Amos
Un hogar es un lugar cerrado en el que puede pasar todo, también las cosas más sombrías. El juez de menores de Granada ha contado ahora algo de lo que suele ver en su trabajo, y la verdad es que no se entiende que cosas como las que él cuenta ocupen en las conversaciones menos tiempo que tantas otras banalidades. Dice este juez que el año pasado tuvo que intervenir en unos 80 casos de violencia de todo tipo (malos tratos físicos y psíquicos, chantajes y coacciones) ejercida por menores de 15 o 16 años sobre sus padres y hermanos, casi siempre en familias de clase media o media alta, en hogares en los que el menor logra imponer su voluntad en un verdadero régimen de terror. Imagino que esos 80 casos que han llegado hasta el juez son sólo la parte que emerge de un fenómeno más común y que en el tejido social deben estar ocurriendo infinidad de tragedias de ese orden, con sus trámites de dolor y pudrimiento infinito. Lo que un juez puede hacer en estos casos tendrá siempre la limitación de venir después de que ocurra algo tan grave -y es fácil que tan irreparable- como para hacer que el problema salga del ámbito familiar.
Intento imaginar, para comprender lo que ocurre en ella, la escena de esa violencia, y veo la casa ocupada por la furia sin sentido de un aprendiz de amo, y también por una perplejidad absoluta: nadie entiende nada, y menos que nadie el menor. Se vive una inmediatez que carece de horizonte: poder en acto (lo quiero todo aquí y ahora), poder confundido con violencia, aprendido en alguna parte, en la casa y fuera de ella, de todos. La independencia hipertrofiada, convertida en asco de la necesidad del otro, al que por eso hay que humillar, doblegar. Todo resulta cercano al destino de poseer, usar y abusar de lo propio, lo mío y sólo mío, más mío si puedo destruirlo: el amo, en fin, que se complace ensuciando lo ajeno, lo común (las calles, las noches, el sueño de los otros). Y eso significa que en algún momento se ha producido un error catastrófico: la tribu que ha educado a ese hijo ha criado un amo, no a un hijo.

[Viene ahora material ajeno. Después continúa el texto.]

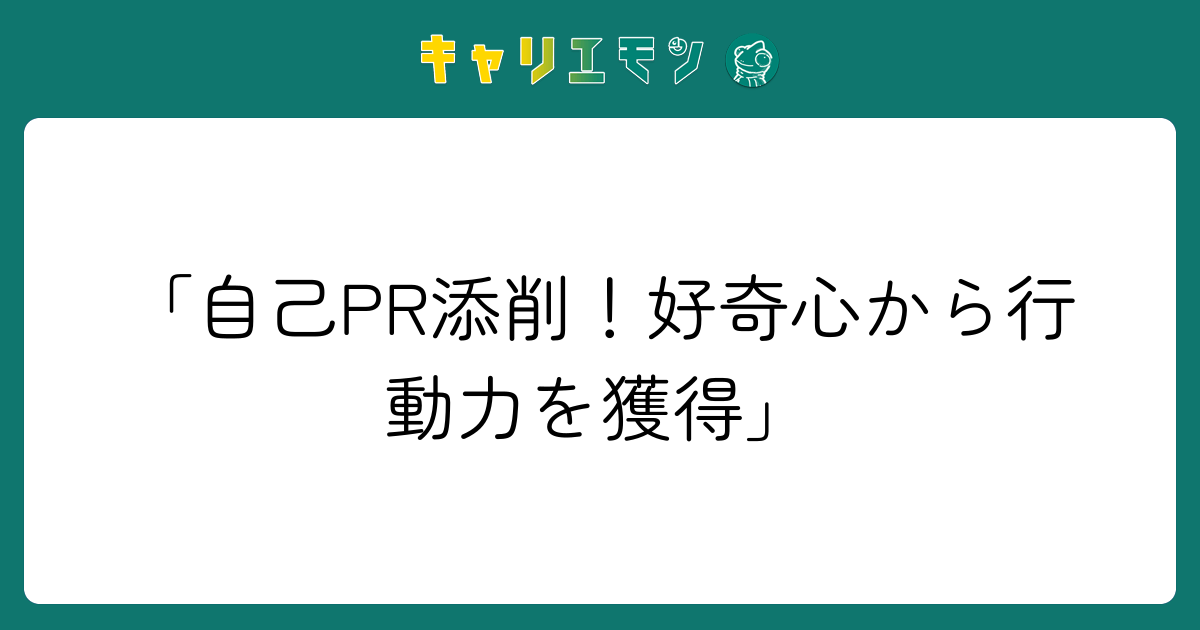 「自己PR添削！好奇心から行動力を獲得」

Fresas salvajes, la película de Ingmar Bergman, cuenta un día en la vida de un anciano profesor que va a recibir un gran honor por los méritos de toda su vida. Viaja en coche hasta la ciudad de su Universidad, y en el trayecto visita los lugares y las personas de su vida: entra en sus recuerdos y asiste, en compañía de sí mismo cuando era un niño, a las mismas escenas familiares. Y conforme el presentimiento de la cercanía del final va tomando más fuerza, la búsqueda del anciano profesor es más precisa, sabe ya muy bien qué es lo que quiere, lo único que quiere: ver la escena arcaica de sus padres en un día de verano junto al mar, cuando ellos eran jóvenes vivos y él un niño recién nacido.
Nunca se es más hijo que al final, después del fragor y la fatiga de la independencia y la autosuficiencia: al final, en ese umbral que habíamos imaginado y temido como el de una soledad definitiva, están ellos. Los padres estaban allí antes que nosotros, al principio y al final. ¿Cómo se enseña esto? ¿Cómo es una independencia sin orgullo ni víctimas, sin amos?